Residents who spoke out at Thursday’s hearing on next year’s budget had one request from Cary leaders: fund a new ramp at the town’s lone skate park.

Residents who spoke out at a hearing on next year’s budget had one request from Cary leaders: fund a new ramp at the town’s lone skate park.

A 13-foot-tall vert ramp, to be exact.

Cary is in the process of drafting a budget for next fiscal year, which begins July 1. The Town Council held a public hearing on Thursday to give residents a chance to weigh in on budget priorities.

A former skate pro, men with gray hair, a 9-year-old boy and a mom holding her baby were among the two dozen SK8-Cary supporters who filled the council chambers.

It was the second year in a row they pleaded their case before the council. The $110,000 ramp didn’t make it into this year’s $15.5 million parks and recreation budget.

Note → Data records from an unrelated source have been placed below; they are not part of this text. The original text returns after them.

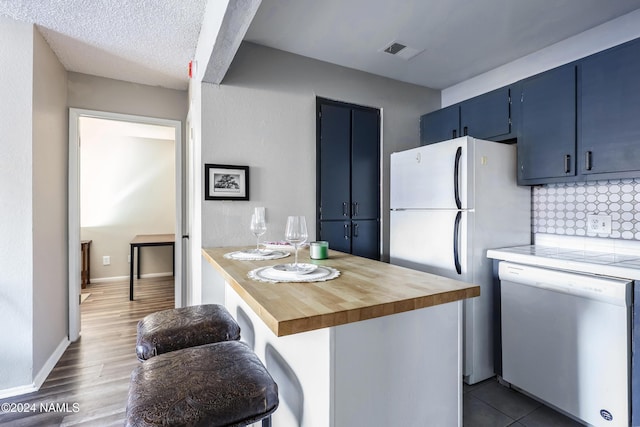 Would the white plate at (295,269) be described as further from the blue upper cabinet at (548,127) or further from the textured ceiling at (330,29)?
the blue upper cabinet at (548,127)

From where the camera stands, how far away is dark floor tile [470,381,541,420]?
1.89 m

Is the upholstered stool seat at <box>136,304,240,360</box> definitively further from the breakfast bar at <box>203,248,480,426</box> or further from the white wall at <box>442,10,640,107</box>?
the white wall at <box>442,10,640,107</box>

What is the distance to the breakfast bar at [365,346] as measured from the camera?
0.92 meters

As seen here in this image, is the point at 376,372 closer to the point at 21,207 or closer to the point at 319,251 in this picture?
the point at 319,251

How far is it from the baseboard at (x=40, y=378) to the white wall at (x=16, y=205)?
0.10ft

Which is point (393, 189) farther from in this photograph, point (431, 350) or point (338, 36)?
point (431, 350)

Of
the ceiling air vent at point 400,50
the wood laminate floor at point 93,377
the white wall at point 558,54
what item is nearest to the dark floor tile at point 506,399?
the wood laminate floor at point 93,377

SK8-Cary operates at a deficit each year, which is common for town facilities.

But the skate park would become more attractive to users if the town would install a steep ramp for tricks, said 17-year-old Josiah Pierce.

“Putting this vert ramp in would be transforming SK8-Cary into something like the USA Baseball Training Complex (in Cary),” he said.

Pierce echoed others who said a vert ramp would make SK8-Cary comparable to Mount Trashmore in Virginia Beach, Va., a well-known skate park.

“These vert ramps are few and far between,” Pierce said. “For Cary to be boasting one of these vert ramps is a big deal, and people will flock to this skate park because of it.”

SK8-Cary opened in 2002 in Robert V. Godbold Park off NW Maynard Road and is run by the town’s Parks, Recreation and Cultural Resources Department. Ramps, mini-ramps, rails and ledges cover the 12,000-square-foot park – but nothing as big as the ramp Cary is considering.

Some said they worry advanced skaters will stop improving or go elsewhere if SK8-Cary doesn’t offer more challenging ramps.

“This is one of the best (parks) we have skated at,” said Bob Skillman. “But there’s maybe 12 guys that are ready to go to the next level. I would hate to see these guys have to go elsewhere to advance their skills.”

For others, the skate park represents more than a place for exercise and recreation. It’s a place where kids go to learn under the wing of tutors.

“I think it’s an awesome investment what Cary’s done so far with the park,” said Brian Wainwright, a former professional in-line skater. “The environment that exists of encouraging the kids and (to) overcome challenges … it’s just amazing to watch.”

Beth Warner-Sullivan said staff members at SK8-Cary are “like family” to her kids.

“There is nothing my kids love more than skateboarding,” she said, her voice cracking.

Then there was 9-year-old Gabriel Filomena, whose mother walked him to the microphone.

“Please let us have a vert ramp,” he said. “Thanks.”

Councilman Don Frantz said SK8-Cary supporters delivered “one of the most organized, professional budget requests that I’ve ever seen.”

But Frantz declined to speculate on whether the ramp would make it into next year’s budget.

“You never know,” he said. “It could be cool.”

The town collected budget requests from 43 other people by phone, email, and social media. Cary plans to hold more public meetings in May, when staff is expected to draft a budget for the Town Council.